Only the lines below from the one that contains "What is going" through the one that contains "Question number nine: mangosteen" should appear in your answer, exact and without pictures.

▸ **Supplied material**:
___

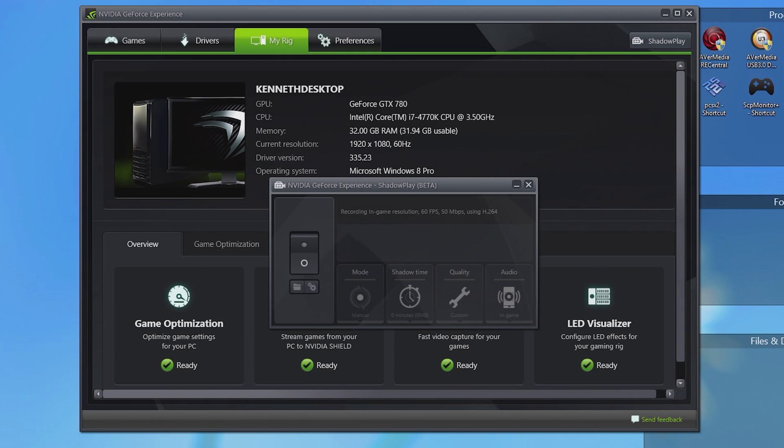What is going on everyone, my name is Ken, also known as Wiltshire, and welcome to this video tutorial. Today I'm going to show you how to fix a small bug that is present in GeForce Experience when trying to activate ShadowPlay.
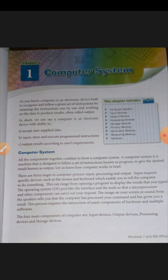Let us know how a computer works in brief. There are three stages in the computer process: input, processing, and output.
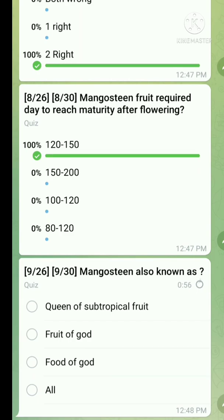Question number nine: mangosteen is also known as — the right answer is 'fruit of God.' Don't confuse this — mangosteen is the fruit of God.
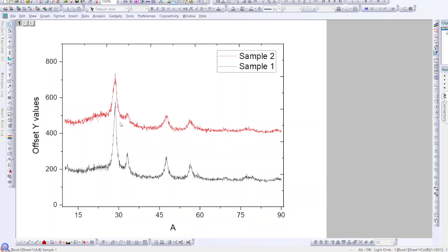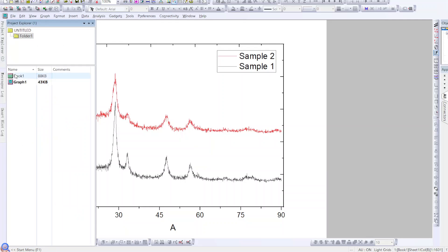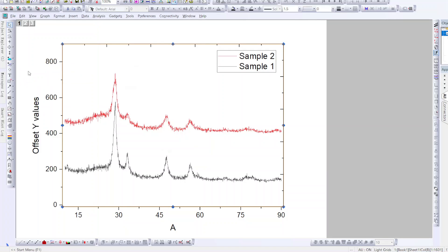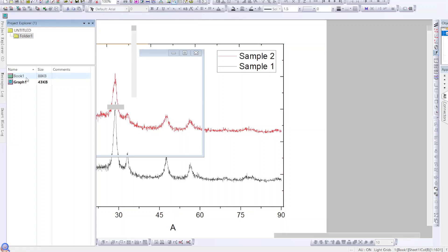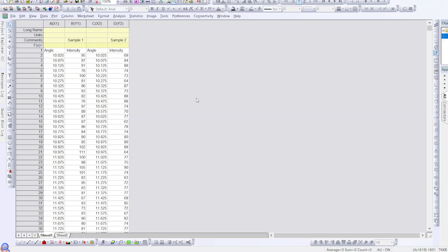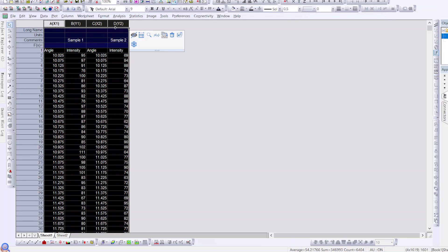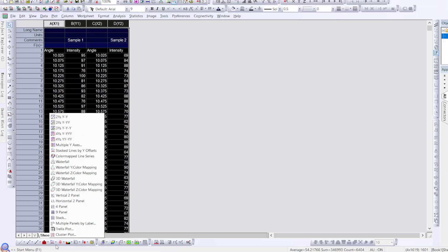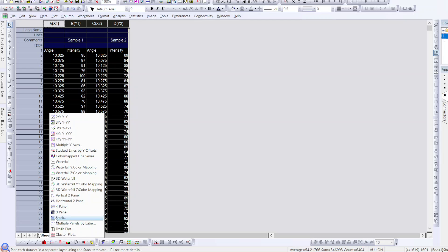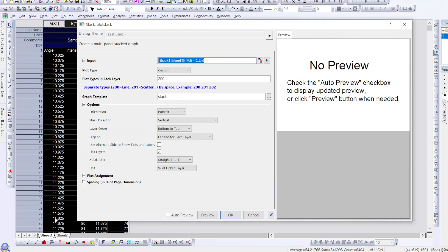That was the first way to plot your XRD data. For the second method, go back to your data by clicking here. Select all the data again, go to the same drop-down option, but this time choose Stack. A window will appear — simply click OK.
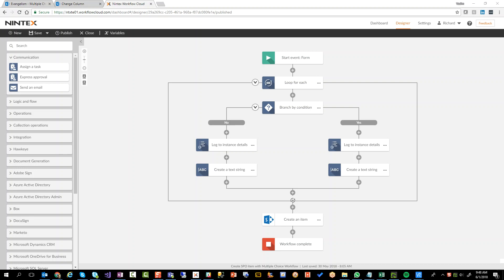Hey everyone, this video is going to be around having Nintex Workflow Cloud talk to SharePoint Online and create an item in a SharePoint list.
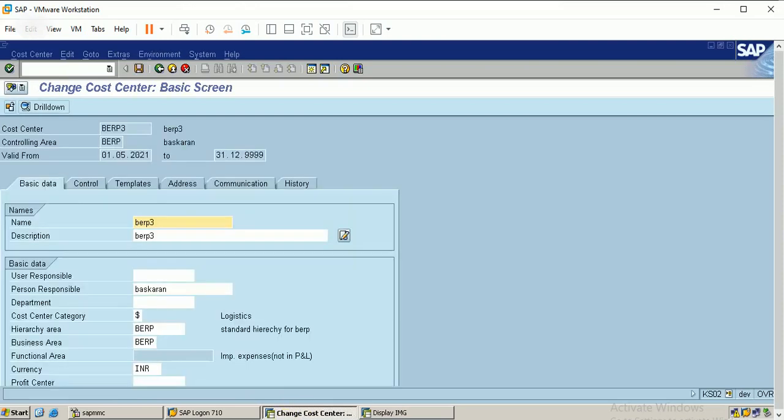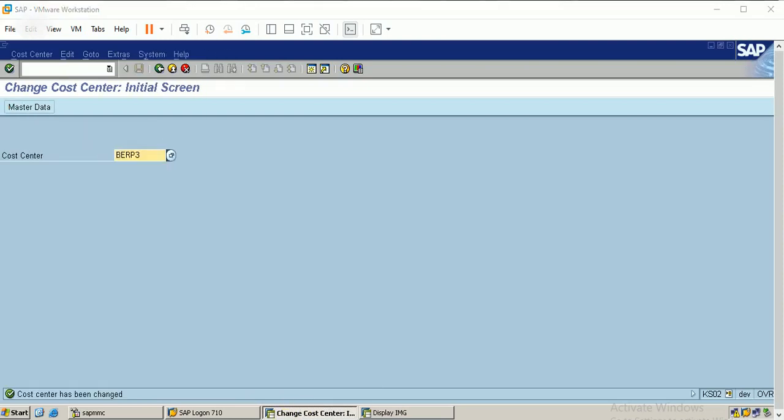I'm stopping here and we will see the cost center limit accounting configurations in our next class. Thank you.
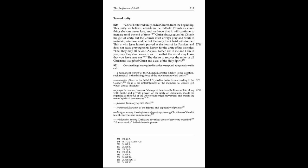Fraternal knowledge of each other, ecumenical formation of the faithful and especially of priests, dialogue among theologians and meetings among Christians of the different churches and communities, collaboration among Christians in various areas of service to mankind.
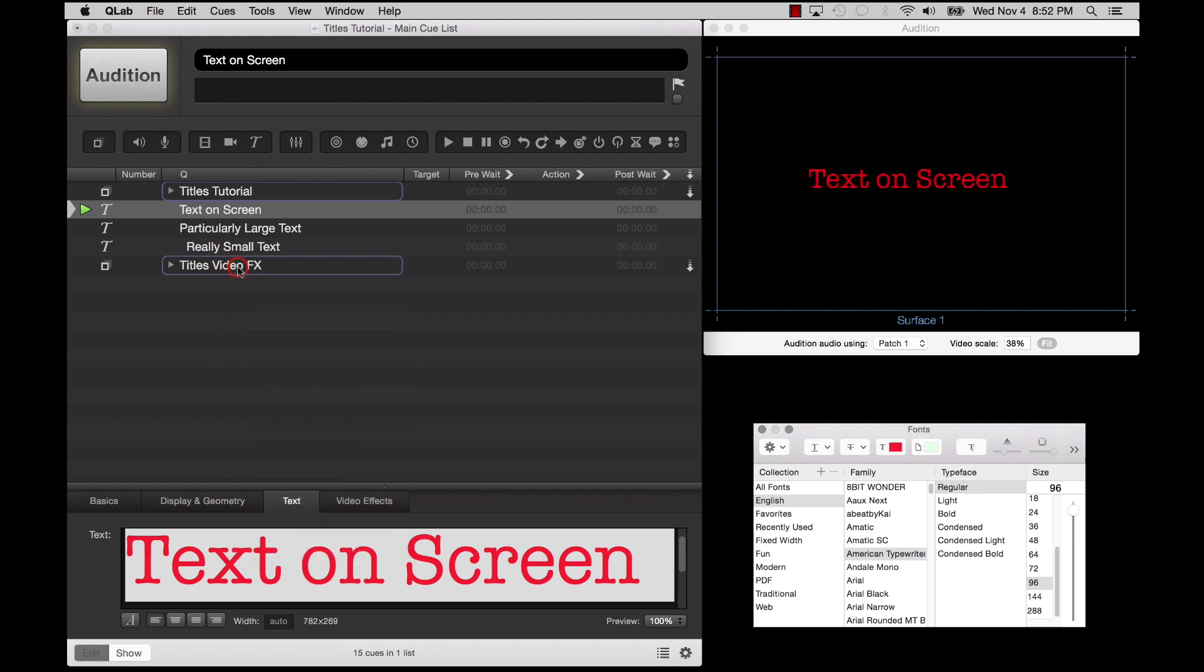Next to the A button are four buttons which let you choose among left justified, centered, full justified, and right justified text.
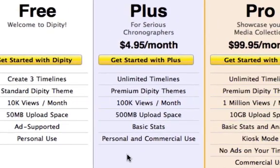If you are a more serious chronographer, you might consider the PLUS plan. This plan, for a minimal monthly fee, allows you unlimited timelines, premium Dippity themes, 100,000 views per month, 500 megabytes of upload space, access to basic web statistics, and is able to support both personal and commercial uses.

___

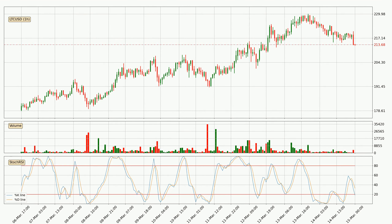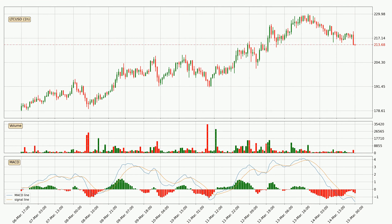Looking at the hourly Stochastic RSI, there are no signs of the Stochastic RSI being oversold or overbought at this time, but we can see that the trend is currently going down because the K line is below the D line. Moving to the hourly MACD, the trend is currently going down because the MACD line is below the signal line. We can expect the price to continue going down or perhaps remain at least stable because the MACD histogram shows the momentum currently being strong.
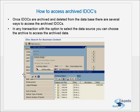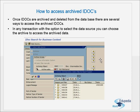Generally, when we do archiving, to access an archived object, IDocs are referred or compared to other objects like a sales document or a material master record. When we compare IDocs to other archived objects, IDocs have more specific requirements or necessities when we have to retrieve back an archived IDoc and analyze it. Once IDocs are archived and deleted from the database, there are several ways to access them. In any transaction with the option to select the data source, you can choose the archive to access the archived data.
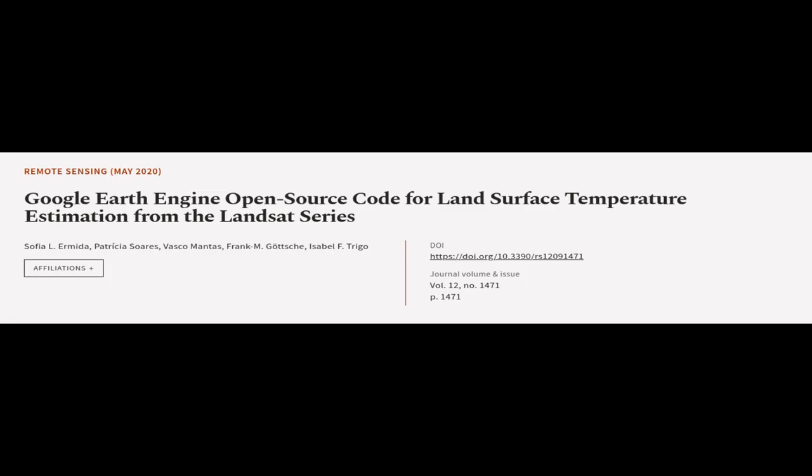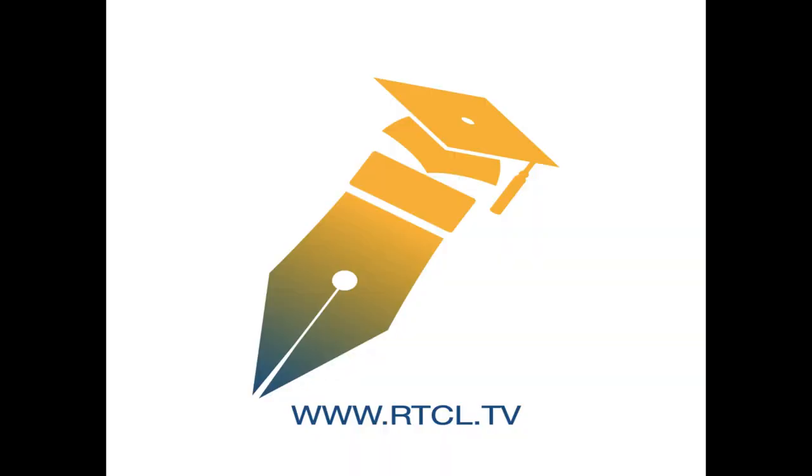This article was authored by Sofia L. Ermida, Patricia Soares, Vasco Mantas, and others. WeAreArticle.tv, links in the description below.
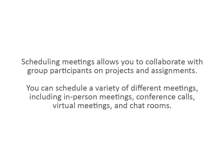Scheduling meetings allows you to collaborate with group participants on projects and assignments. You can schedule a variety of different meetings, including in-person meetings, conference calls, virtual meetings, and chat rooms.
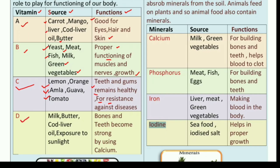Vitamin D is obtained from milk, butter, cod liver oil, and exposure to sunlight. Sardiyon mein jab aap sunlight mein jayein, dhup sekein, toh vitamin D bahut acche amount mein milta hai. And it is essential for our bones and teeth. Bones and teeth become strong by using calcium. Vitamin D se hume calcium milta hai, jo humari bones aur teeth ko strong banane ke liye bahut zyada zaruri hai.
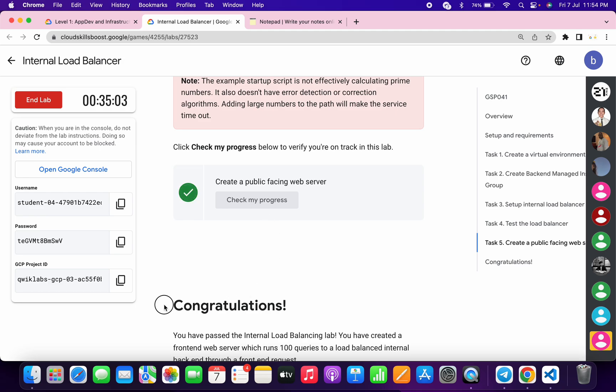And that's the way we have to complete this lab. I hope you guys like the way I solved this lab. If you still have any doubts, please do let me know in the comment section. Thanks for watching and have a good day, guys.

___

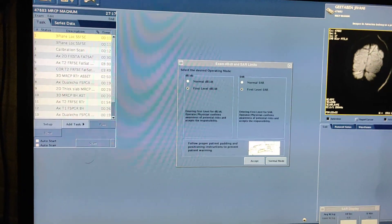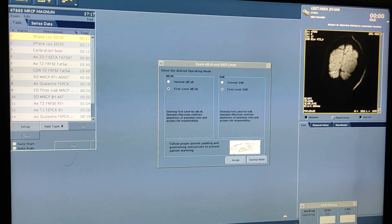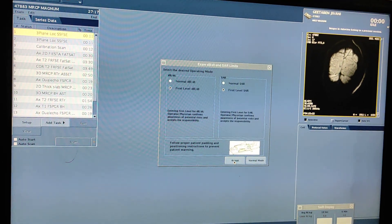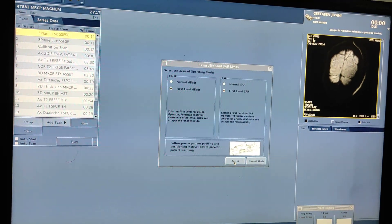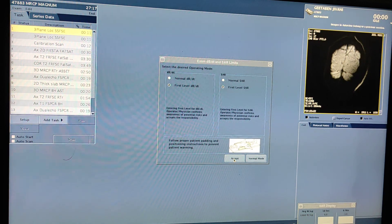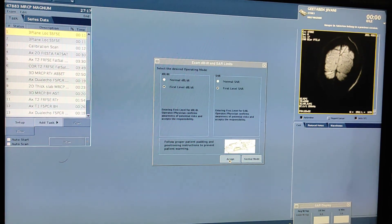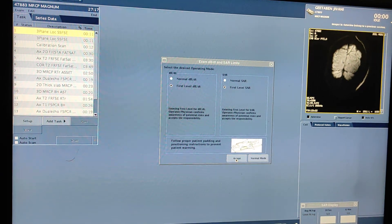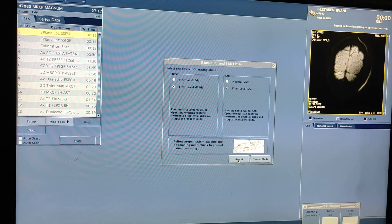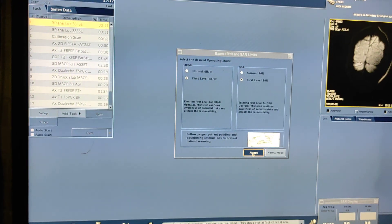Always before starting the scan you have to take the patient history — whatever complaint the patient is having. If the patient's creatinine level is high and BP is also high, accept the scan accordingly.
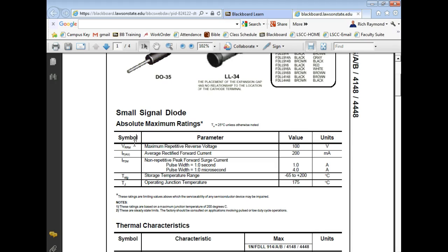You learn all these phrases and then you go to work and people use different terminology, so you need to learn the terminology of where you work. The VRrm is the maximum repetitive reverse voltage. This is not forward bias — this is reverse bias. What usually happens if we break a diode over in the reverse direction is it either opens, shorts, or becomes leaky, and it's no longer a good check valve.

___

▸ **Solution for this task**:
What is going on everyone, my name is Ken, also known as Wiltshire, and welcome to this video tutorial. Today I'm going to show you how to fix a small bug that is present in GeForce Experience when trying to activate ShadowPlay.
Let us know how a computer works in brief. There are three stages in the computer process: input, processing, and output.
Question number nine: mangosteen is also known as — the right answer is 'fruit of God.' Don't confuse this — mangosteen is the fruit of God.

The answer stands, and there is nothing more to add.